======== Material shown ========
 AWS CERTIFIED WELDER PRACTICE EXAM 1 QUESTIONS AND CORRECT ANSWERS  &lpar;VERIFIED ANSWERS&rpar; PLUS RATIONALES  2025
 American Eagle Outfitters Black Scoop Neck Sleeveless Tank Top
========
======== Material shown ========
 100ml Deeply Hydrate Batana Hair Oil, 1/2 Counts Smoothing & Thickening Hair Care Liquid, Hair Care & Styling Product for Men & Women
========
Work request →
Your answer should consist only of the lines above between the line holding "AWS CERTIFIED WELDER" and the line holding "American Eagle Outfitters", inclusive, each transcribed exactly.

Reply to the exercise →
 AWS CERTIFIED WELDER PRACTICE EXAM 1 QUESTIONS AND CORRECT ANSWERS  &lpar;VERIFIED ANSWERS&rpar; PLUS RATIONALES  2025
 American Eagle Outfitters Black Scoop Neck Sleeveless Tank Top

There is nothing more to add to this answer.